Alle Biere werden nach alter belgischer Tradition gebraut: ohne Kräuter, nur mit Hopfen, Gerstenmalz, Hefe und Wasser. Die verwendeten Hopfenarten sind jeweils auf der Flasche angegeben. Sechs verschiedene Biersorten hat die junge Brauerei bereits im Sortiment.

Die erste war das blonde, obergärige Keikoppenbier mit einer etwas bitteren Note. Das braune Rookop schmeckt malzig und schokoladig und geht in Richtung Stout-Bier. Zu einem Schuljubiläum hat De Plukker ihren hopfigen Tripel Plukker kreiert, ein tiefblondes Bier mit vollem Geschmack und großer Beliebtheit – 50 Prozent ihres Umsatzes erwirtschaftet die Brauerei damit.
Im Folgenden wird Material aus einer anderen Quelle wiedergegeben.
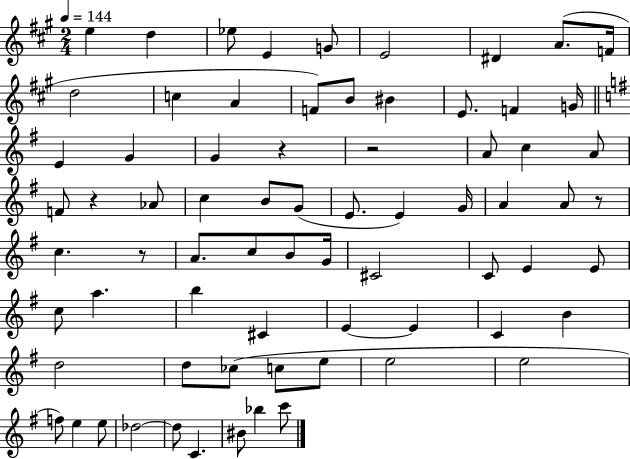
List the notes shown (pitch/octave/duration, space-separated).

E5/q D5/q Eb5/e E4/q G4/e E4/h D#4/q A4/e. F4/s D5/h C5/q A4/q F4/e B4/e BIS4/q E4/e. F4/q G4/s E4/q G4/q G4/q R/q R/h A4/e C5/q A4/e F4/e R/q Ab4/e C5/q B4/e G4/e E4/e. E4/q G4/s A4/q A4/e R/e C5/q. R/e A4/e. C5/e B4/e G4/s C#4/h C4/e E4/q E4/e C5/e A5/q. B5/q C#4/q E4/q E4/q C4/q B4/q D5/h D5/e CES5/e C5/e E5/e E5/h E5/h F5/e E5/q E5/e Db5/h Db5/e C4/q. BIS4/e Bb5/q C6/e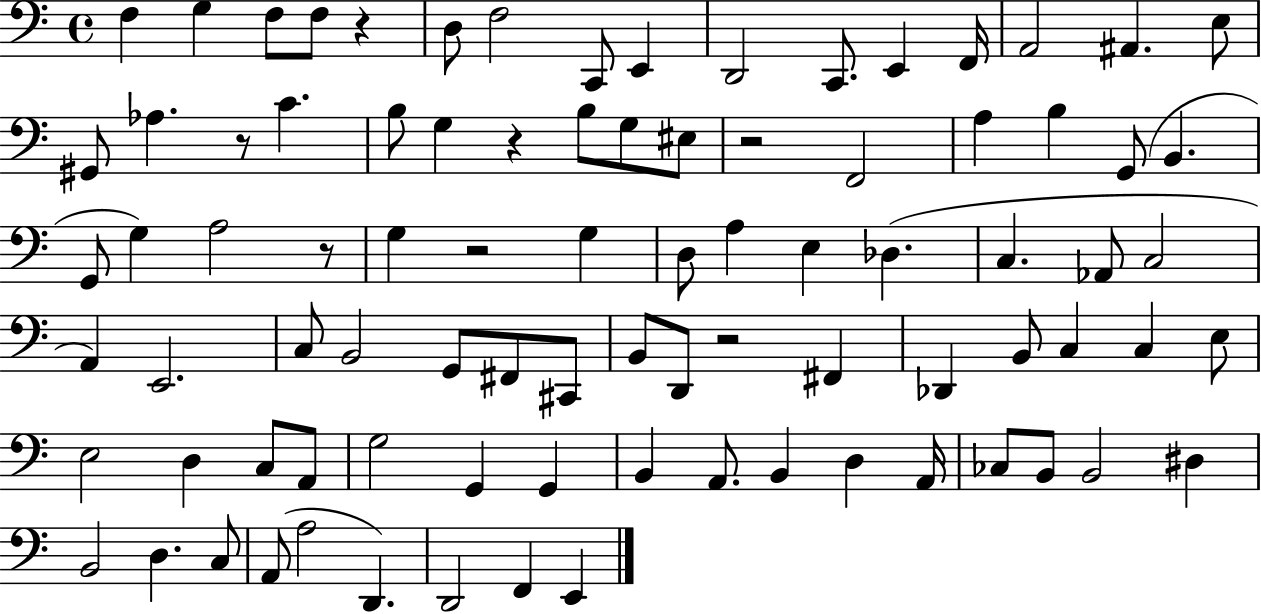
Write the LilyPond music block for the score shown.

{
  \clef bass
  \time 4/4
  \defaultTimeSignature
  \key c \major
  f4 g4 f8 f8 r4 | d8 f2 c,8 e,4 | d,2 c,8. e,4 f,16 | a,2 ais,4. e8 | \break gis,8 aes4. r8 c'4. | b8 g4 r4 b8 g8 eis8 | r2 f,2 | a4 b4 g,8( b,4. | \break g,8 g4) a2 r8 | g4 r2 g4 | d8 a4 e4 des4.( | c4. aes,8 c2 | \break a,4) e,2. | c8 b,2 g,8 fis,8 cis,8 | b,8 d,8 r2 fis,4 | des,4 b,8 c4 c4 e8 | \break e2 d4 c8 a,8 | g2 g,4 g,4 | b,4 a,8. b,4 d4 a,16 | ces8 b,8 b,2 dis4 | \break b,2 d4. c8 | a,8( a2 d,4.) | d,2 f,4 e,4 | \bar "|."
}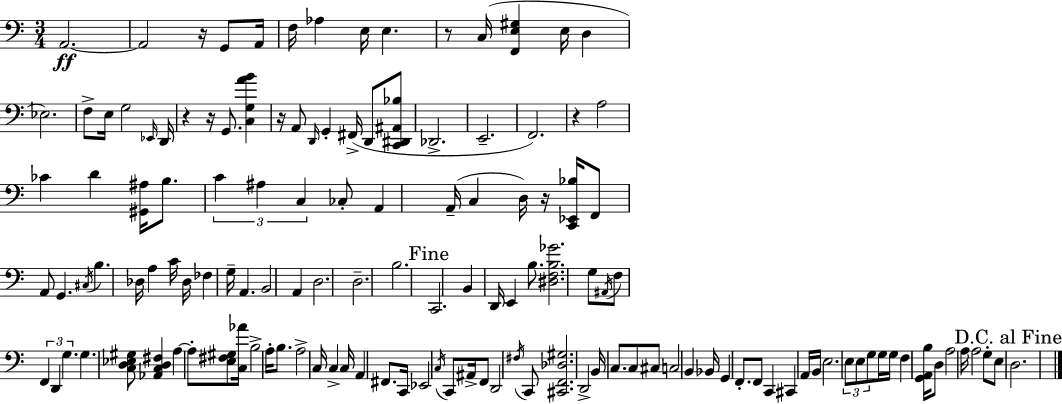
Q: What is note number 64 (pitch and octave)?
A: F2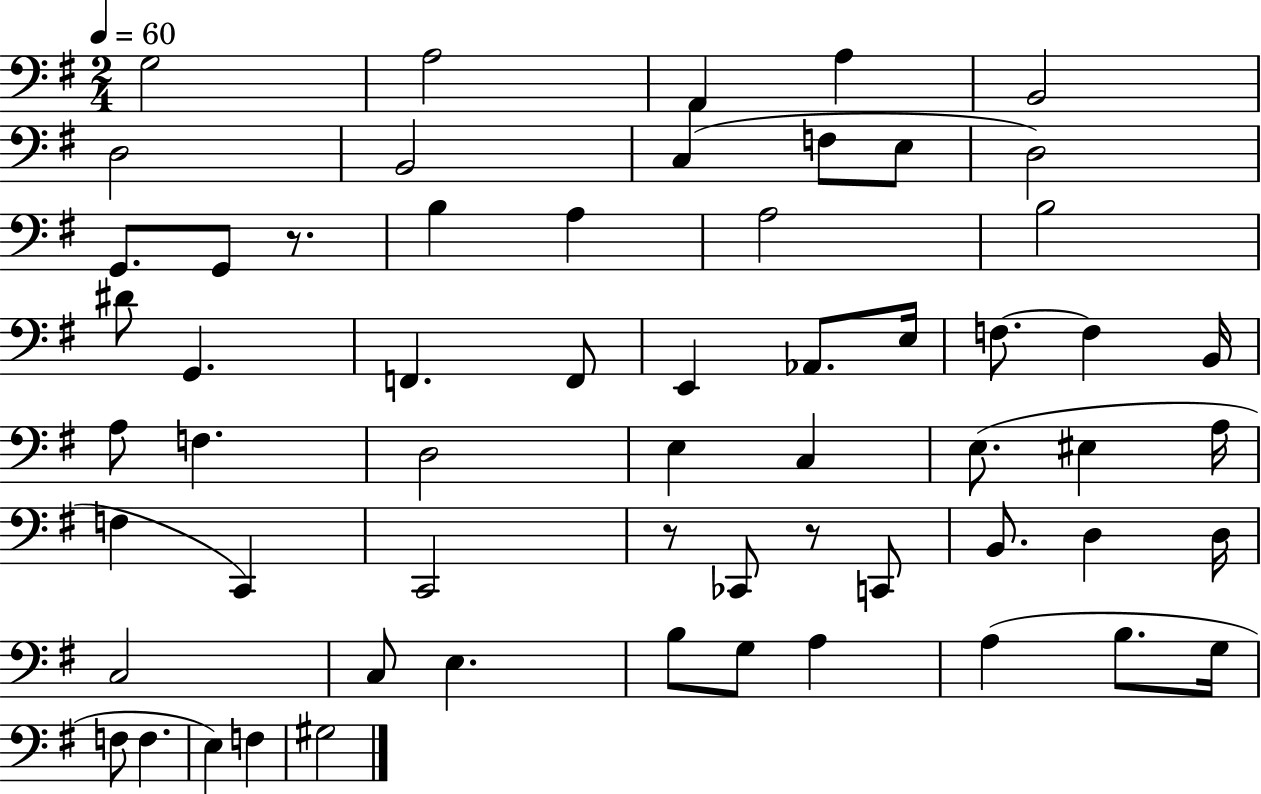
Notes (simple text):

G3/h A3/h A2/q A3/q B2/h D3/h B2/h C3/q F3/e E3/e D3/h G2/e. G2/e R/e. B3/q A3/q A3/h B3/h D#4/e G2/q. F2/q. F2/e E2/q Ab2/e. E3/s F3/e. F3/q B2/s A3/e F3/q. D3/h E3/q C3/q E3/e. EIS3/q A3/s F3/q C2/q C2/h R/e CES2/e R/e C2/e B2/e. D3/q D3/s C3/h C3/e E3/q. B3/e G3/e A3/q A3/q B3/e. G3/s F3/e F3/q. E3/q F3/q G#3/h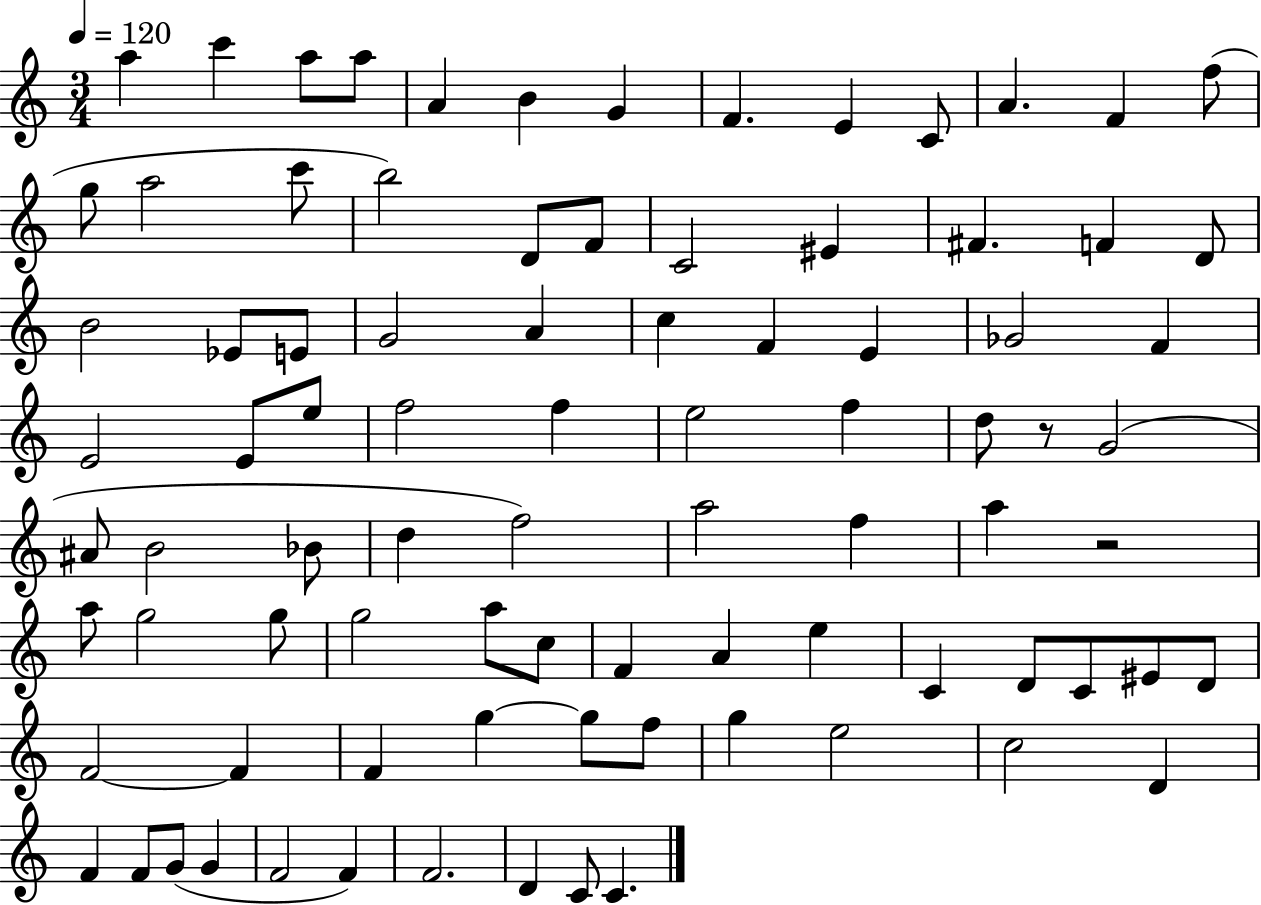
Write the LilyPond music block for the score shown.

{
  \clef treble
  \numericTimeSignature
  \time 3/4
  \key c \major
  \tempo 4 = 120
  a''4 c'''4 a''8 a''8 | a'4 b'4 g'4 | f'4. e'4 c'8 | a'4. f'4 f''8( | \break g''8 a''2 c'''8 | b''2) d'8 f'8 | c'2 eis'4 | fis'4. f'4 d'8 | \break b'2 ees'8 e'8 | g'2 a'4 | c''4 f'4 e'4 | ges'2 f'4 | \break e'2 e'8 e''8 | f''2 f''4 | e''2 f''4 | d''8 r8 g'2( | \break ais'8 b'2 bes'8 | d''4 f''2) | a''2 f''4 | a''4 r2 | \break a''8 g''2 g''8 | g''2 a''8 c''8 | f'4 a'4 e''4 | c'4 d'8 c'8 eis'8 d'8 | \break f'2~~ f'4 | f'4 g''4~~ g''8 f''8 | g''4 e''2 | c''2 d'4 | \break f'4 f'8 g'8( g'4 | f'2 f'4) | f'2. | d'4 c'8 c'4. | \break \bar "|."
}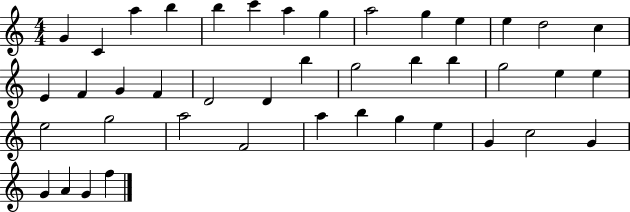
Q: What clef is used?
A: treble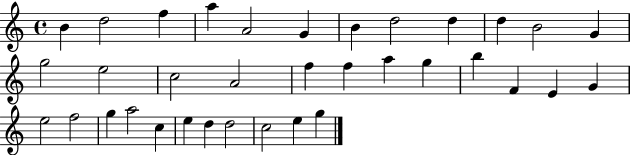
B4/q D5/h F5/q A5/q A4/h G4/q B4/q D5/h D5/q D5/q B4/h G4/q G5/h E5/h C5/h A4/h F5/q F5/q A5/q G5/q B5/q F4/q E4/q G4/q E5/h F5/h G5/q A5/h C5/q E5/q D5/q D5/h C5/h E5/q G5/q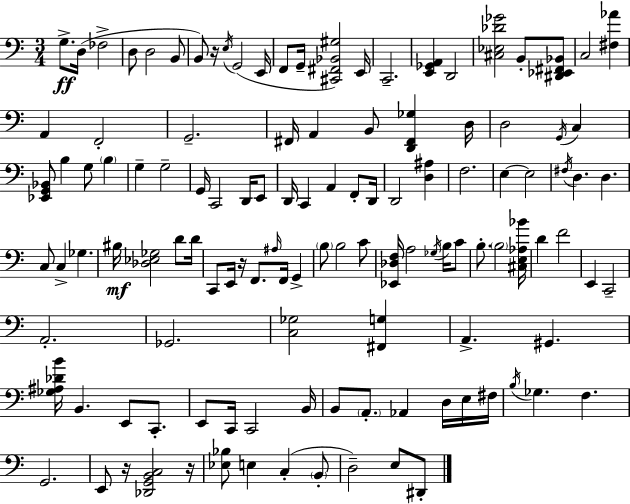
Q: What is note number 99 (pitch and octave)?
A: D3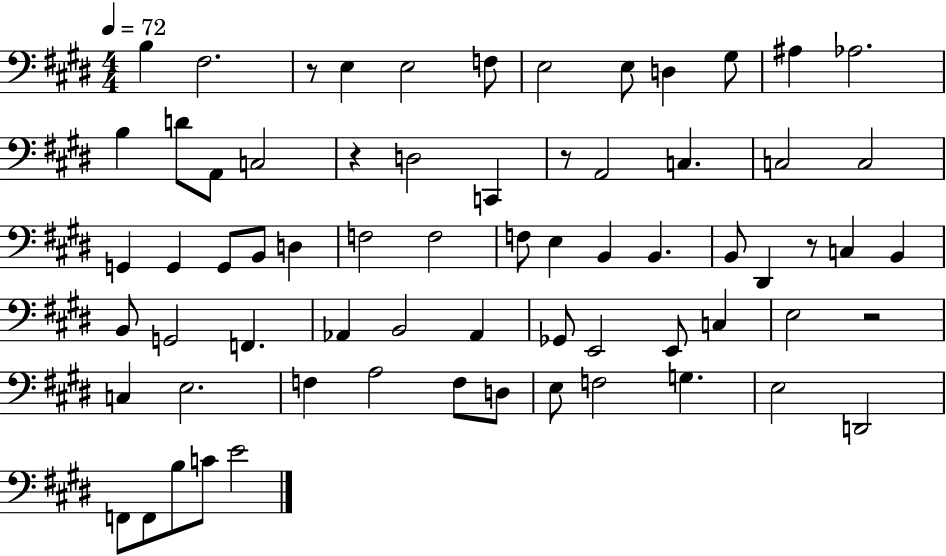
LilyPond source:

{
  \clef bass
  \numericTimeSignature
  \time 4/4
  \key e \major
  \tempo 4 = 72
  b4 fis2. | r8 e4 e2 f8 | e2 e8 d4 gis8 | ais4 aes2. | \break b4 d'8 a,8 c2 | r4 d2 c,4 | r8 a,2 c4. | c2 c2 | \break g,4 g,4 g,8 b,8 d4 | f2 f2 | f8 e4 b,4 b,4. | b,8 dis,4 r8 c4 b,4 | \break b,8 g,2 f,4. | aes,4 b,2 aes,4 | ges,8 e,2 e,8 c4 | e2 r2 | \break c4 e2. | f4 a2 f8 d8 | e8 f2 g4. | e2 d,2 | \break f,8 f,8 b8 c'8 e'2 | \bar "|."
}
Nur einmal im Jahr wird das Single Green Hop gebraut – und zwar mit erntefrischem Hopfen. Der nicht-getrocknete Hopfen verleiht dem Bier ein besonderes Aroma, das sich jedoch nach ein paar Monaten verflüchtigt. Einmal im Jahr, zum Ernteende, entsteht das komplexe All Inclusive IPA, in dem alle angebauten Hopfensorten verarbeitet werden. Für das Schloss Kasteel Beauvoorde hat De Plukker schließlich noch ein etwas anderes Bier gebraut: auf Basis von Weizenbier und mit Bio-Himbeersaft von regionalen Bauern.

Der Verkauf erfolge bisher noch überwiegend lokal. Nur rund fünf Prozent würden exportiert, etwa nach Holland, aber auch schon nach Skandinavien, Polen und Kanada. Für den Export ist die belgische Firma Ammex zuständig. Auch über den eigenen Online-Shop kann De Plukker Interessenten im Ausland beliefern. Neben Hopfen baut Cambie für das Bier mittlerweile zusätzlich eigene Brau-Gerste an. Nächstes Jahr möchte er sich damit einen weiteren Traum erfüllen: ein Bier aus 100 Prozent eigenen Zutaten.